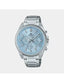 Casio Edifice EFV-650D-2B men's blue dial stainless steel chronograph watch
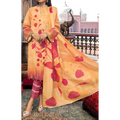 Dziris Autumn Ember Digital Khaddar 3-Piece Suit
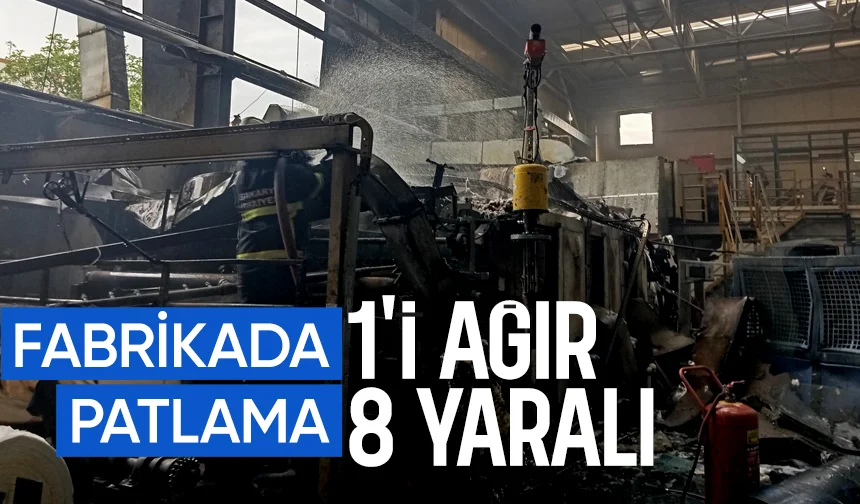 Hendek 2. OSB'de fabrikada patlama: 1'i ağır 8 yaralı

Work to be completed ▸
Write out the data word for word. Any picture is to be skipped.

Response to the task ▸
 Casio Edifice EFV-650D-2B men's blue dial stainless steel chronograph watch
 Dziris Autumn Ember Digital Khaddar 3-Piece Suit
 Hendek 2. OSB'de fabrikada patlama: 1'i ağır 8 yaralı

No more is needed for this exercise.